Очевидно, что в эпоху транснационализации экономик, и появления новых глобальных вызовов (международный терроризм, распространение ядерного оружия, экологические проблемы и т.д.) существование небольших государств-наций классического образца теряет смысл. В условиях глобализации принцип взаимного невмешательства «больших пространств» в дела друг друга, в сочетании с приоритетом международного права над амбициями «последних империй» призван стать гарантией устойчивого многополярного мира.

На постсоветском «большом пространстве» коллективное отстаивание независимости может стать достойным ответом «пространственно чуждым силам», стремящимся ввести режим внешнего управления (ярким проявлением подобного вмешательства могут служить «цветные революции» в Грузии, на Украине и в Киргизии).

Вполне логично, что важнейшей частью нового, после-мюнхенского внешнеполитического курса России станет возвращение утраченных позиций в распавшейся советской империи. Требуется выработать четкий алгоритм действий по отношению к государствам, занимающим откровенно антироссийскую позицию. Речь, безусловно, идет не о силовом устранении «оранжевых» режимов. Как писал неоднократно упоминавшийся здесь Талейран, «штыки годятся для всего, но сидеть на них нельзя». Напротив, на наш взгляд, Россия могла бы выступить в роли катализатора демократических процессов в этих странах: поддерживая свободу выражения политических сил, оппонирующих «оранжистам», развивая на пространстве СНГ институты гражданского общества, создавая евразийскую сеть неправительственных организаций и фондов.

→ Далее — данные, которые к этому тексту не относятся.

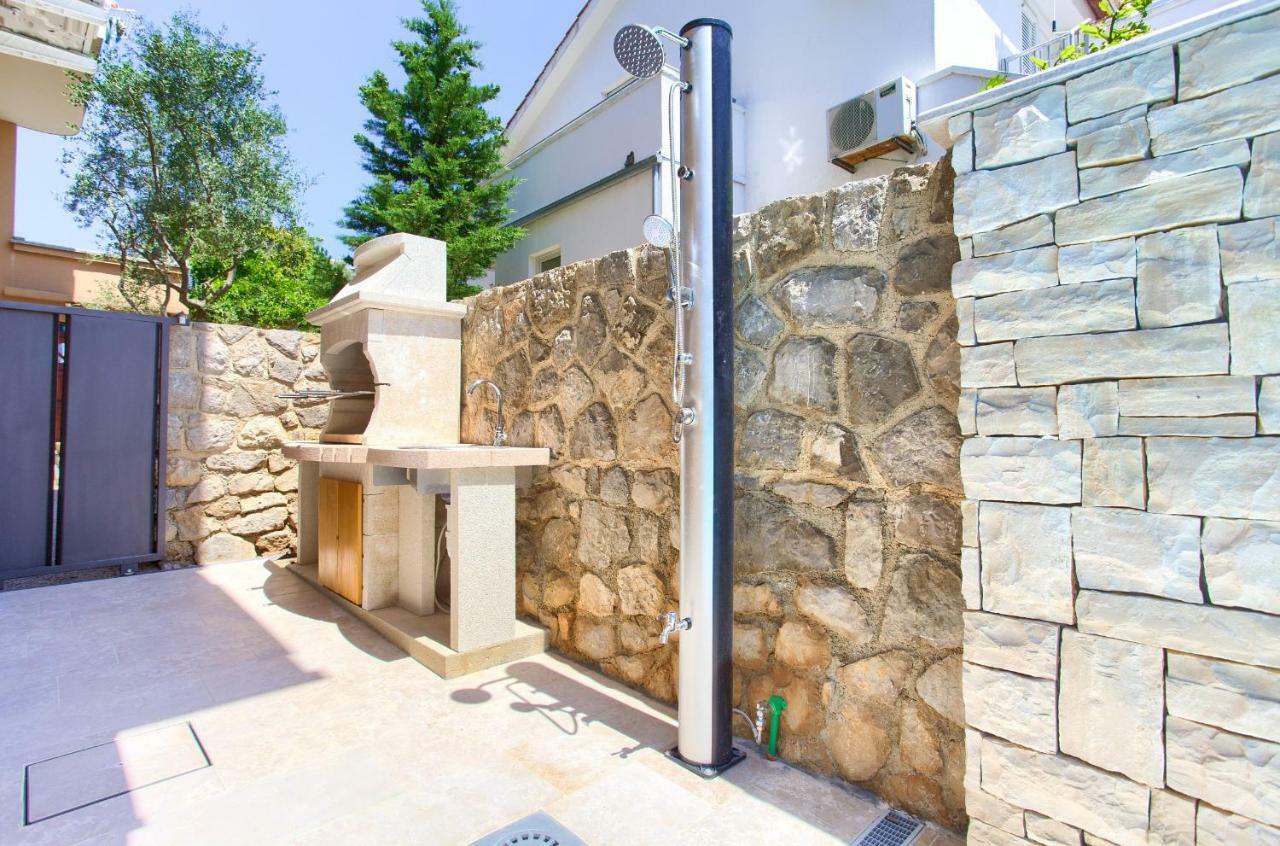 Luxury Vall Apartment Krk Town Zewnętrze zdjęcie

  1. Выступление В.В. Путина на Мюнхенской конференции по вопросам политики безопасности, 10.02.2007 г.
  2. Н. фон Крейтор, “НАТО и геополитика американского жизненного пространства” (www.zvezda.ru/2000/05/26/kreitor.shtml).
  3. «Политическое», согласно теории Шмитта, - независимое социальное начало, существующее наряду с экономикой, правом, этикой. См. К. Шмитт Понятие политического // Вопросы социологии. - М., 1992.
  4. В. Путин, «Через партнерство России и ЕС – к строительству единой Европы, к новым возможностям для всех европейцев», 23.11.2006 (http://kremlin.ru/appears/2006/11/23/0740_type63382_114329.shtml).
  5. В терминологии Шмитта, «большое пространство» (Grossraum) - совокупность географических регионов, в рамках которых многообразие политического самопроявления конкретных народов и государств, входящих в состав этого региона, может обрести гармоничное и непротиворечивое обобщение, выраженное в "большом геополитическом союзе".